De même, la SCP BTSG, ès qualités, indique que le statut de gérant de succursale ne peut pas plus être appliqué à M. X en l'absence de dépendance économique.

Elle explique en ce sens que les trois conditions cumulatives relatives à la fourniture quasi-exclusive des marchandises par le franchiseur, à la fourniture ou l'agrément du local ainsi qu'à l'imposition des prix et des conditions de travail ne sont pas toutes remplies ; la société La Pataterie développement n'étant pas le fournisseur de la marchandise et en tout état de cause, ne lui étant pas assimilable et les produits étant transformés au sein des restaurants.

Aux termes de ses écritures en date du 2 mai 2019 l'Unedic, délégation AGS, CGEA de Bordeaux, prise en la personne de sa directrice nationale, appelée en déclaration d'arrêt commun, demande à la cour de :

Statuer ce que de droit sur la recevabilité de l'appel de M. X ;

Le déclarer mal fondé ;

Confirmer le jugement en toutes ses dispositions ;

Dire qu'il ne peut prétendre à la reconnaissance d'un contrat de travail ;

Le débouter, de même, de sa demande tendant à la reconnaissance d'un statut de salarié de société ;

Dans cette hypothèse, exclure de la garantie de l'AGS, toute créance qui pourrait être arrêtée à son profit ;

À titre infiniment subsidiaire, de minorer le quantum des réclamations de M. X et notamment, le poste de dommages-intérêts ;

Exclure, en tout état de cause, la demande de remboursement du droit d'entrée de la garantie de l'AGS conformément aux dispositions de l'article L. 3253-8 du Code du travail ;

Pour le surplus, rappeler que le CGEA de Bordeaux est appelé en déclaration d'arrêt commun, conformément aux dispositions de l'article L. 625-3 du Code de commerce ;

En tirer toutes conséquences de droit ;

Lui donner acte de ce qu'il ne peut être condamné au paiement d'une somme quelle qu'elle soit ;

Lui donner acte de ce qu'il ne peut être tenu au-delà des limites légales de sa garantie, conformément aux dispositions des articles L. 3253-6, L. 3253-8, L. 3253-13 et suivants, L. 3253-17 et D. 3253-1 à D. 3253-5 du Code du travail ;

Lui donner acte de ce qu'il ne peut être amené à avancer le montant principal des créances, constatées et fixées, appréciées éventuellement avec des intérêts de droit obligatoirement arrêtés au jour du jugement d'ouverture, qu'entre les mains du mandataire liquidateur et dans la limite des articles L. 3253-6, L. 3253-8 et suivants, L. 3253-17 et D. 3253-5 du Code du travail ;

Dire et juger que la garantie de l'AGS est plafonnée, toutes créances avancées pour le compte des salariés, à un des 3 plafonds définis à l'article D. 3253-5 du Code du travail, étant précisé en l'espèce qu'il s'agit du plafond 6.

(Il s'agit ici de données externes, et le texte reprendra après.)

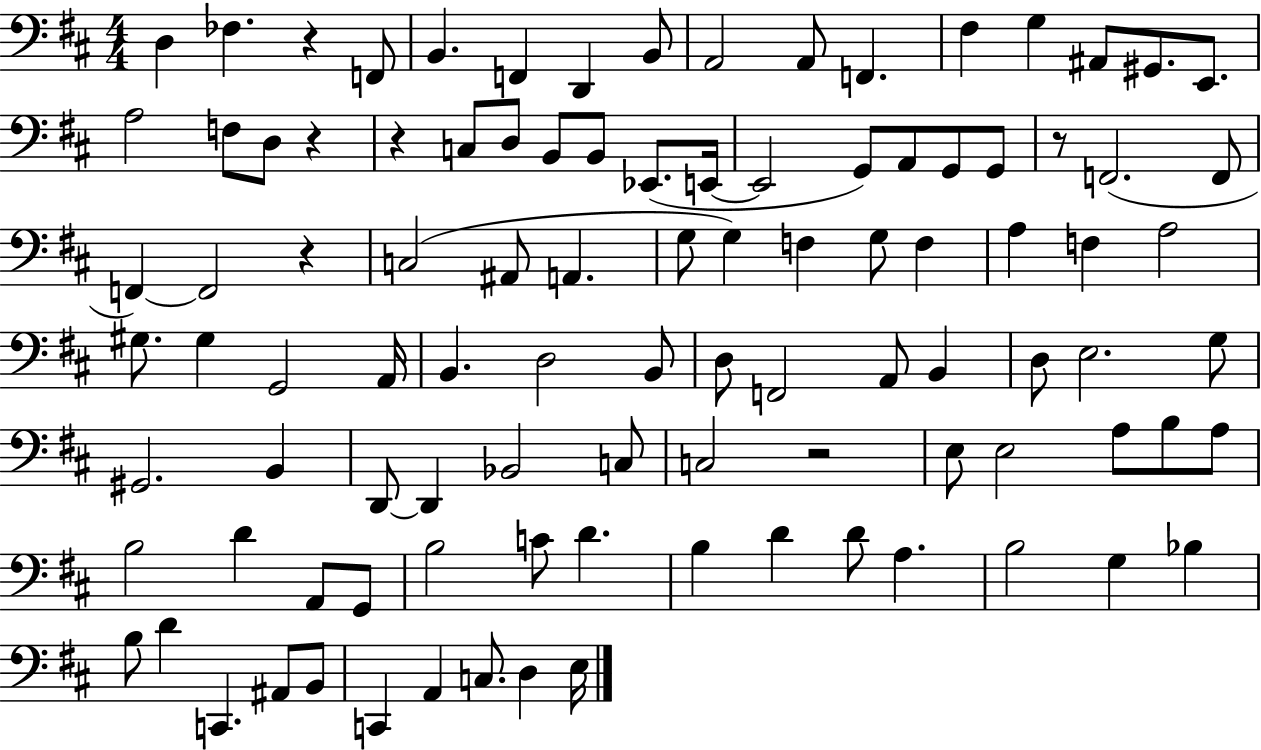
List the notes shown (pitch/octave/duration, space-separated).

D3/q FES3/q. R/q F2/e B2/q. F2/q D2/q B2/e A2/h A2/e F2/q. F#3/q G3/q A#2/e G#2/e. E2/e. A3/h F3/e D3/e R/q R/q C3/e D3/e B2/e B2/e Eb2/e. E2/s E2/h G2/e A2/e G2/e G2/e R/e F2/h. F2/e F2/q F2/h R/q C3/h A#2/e A2/q. G3/e G3/q F3/q G3/e F3/q A3/q F3/q A3/h G#3/e. G#3/q G2/h A2/s B2/q. D3/h B2/e D3/e F2/h A2/e B2/q D3/e E3/h. G3/e G#2/h. B2/q D2/e D2/q Bb2/h C3/e C3/h R/h E3/e E3/h A3/e B3/e A3/e B3/h D4/q A2/e G2/e B3/h C4/e D4/q. B3/q D4/q D4/e A3/q. B3/h G3/q Bb3/q B3/e D4/q C2/q. A#2/e B2/e C2/q A2/q C3/e. D3/q E3/s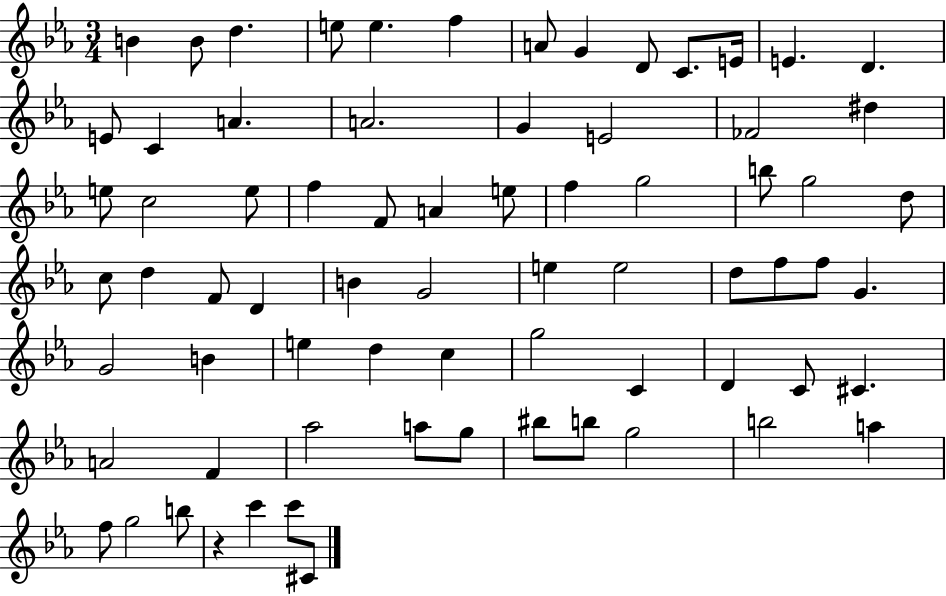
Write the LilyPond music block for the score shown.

{
  \clef treble
  \numericTimeSignature
  \time 3/4
  \key ees \major
  \repeat volta 2 { b'4 b'8 d''4. | e''8 e''4. f''4 | a'8 g'4 d'8 c'8. e'16 | e'4. d'4. | \break e'8 c'4 a'4. | a'2. | g'4 e'2 | fes'2 dis''4 | \break e''8 c''2 e''8 | f''4 f'8 a'4 e''8 | f''4 g''2 | b''8 g''2 d''8 | \break c''8 d''4 f'8 d'4 | b'4 g'2 | e''4 e''2 | d''8 f''8 f''8 g'4. | \break g'2 b'4 | e''4 d''4 c''4 | g''2 c'4 | d'4 c'8 cis'4. | \break a'2 f'4 | aes''2 a''8 g''8 | bis''8 b''8 g''2 | b''2 a''4 | \break f''8 g''2 b''8 | r4 c'''4 c'''8 cis'8 | } \bar "|."
}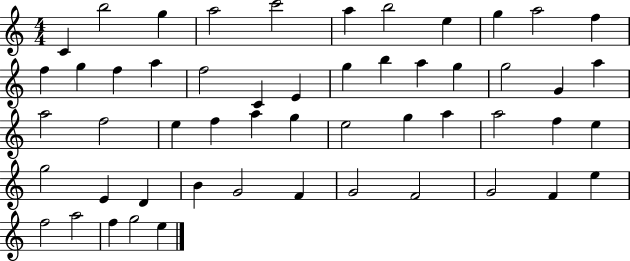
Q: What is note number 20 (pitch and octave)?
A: B5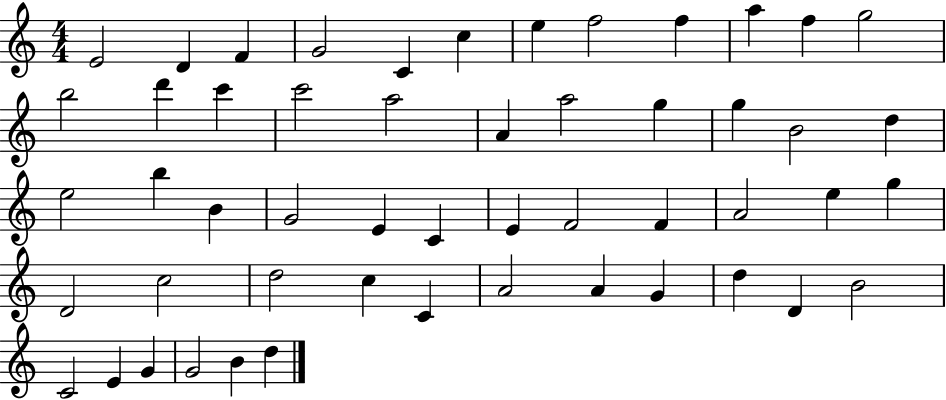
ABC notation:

X:1
T:Untitled
M:4/4
L:1/4
K:C
E2 D F G2 C c e f2 f a f g2 b2 d' c' c'2 a2 A a2 g g B2 d e2 b B G2 E C E F2 F A2 e g D2 c2 d2 c C A2 A G d D B2 C2 E G G2 B d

En réponse, le CGEA de Bordeaux fait valoir qu'aucune condamnation ne peut être directement prononcée à son encontre, le mandataire judiciaire restant, en l'absence de fonds, le seul intermédiaire de toute mise en œuvre de la garantie.

En outre, il précise que ladite garantie est limitée, conformément aux dispositions des articles D. 3253-1 à D. 3253-5 du Code du travail, aux plafonds qui y sont déterminés ; ainsi qu'aux créances couvertes par la garantie conformément aux dispositions des articles L. 3253-8, L. 3253-13, L. 3253-15, L. 3253-17 et L. 3253-19 et suivants du Code du travail ; le CGEA précise également que le plafond applicable à l'égard de M. X est le plafond 6.

En réponse sur le fond, le CGEA indique qu'en l'absence d'ambiguïté sur la volonté de conclure un contrat de franchise de la part de M. X et en l'absence de contrat de travail et de lien de subordination entre M. X et la société La Pataterie développement ou de possibilité pour lui de se voir appliquer le statut de gérant de succursale, le rapport entre les deux étant celui fixé par un contrat de nature commerciale, la garantie de l'AGS ne peut s'appliquer en l'espèce ; s'en remettant aux observations de la SCP BTSG eu égard au quantum des demandes de M. X, celles-ci étant en tout état de cause exclues de la garantie.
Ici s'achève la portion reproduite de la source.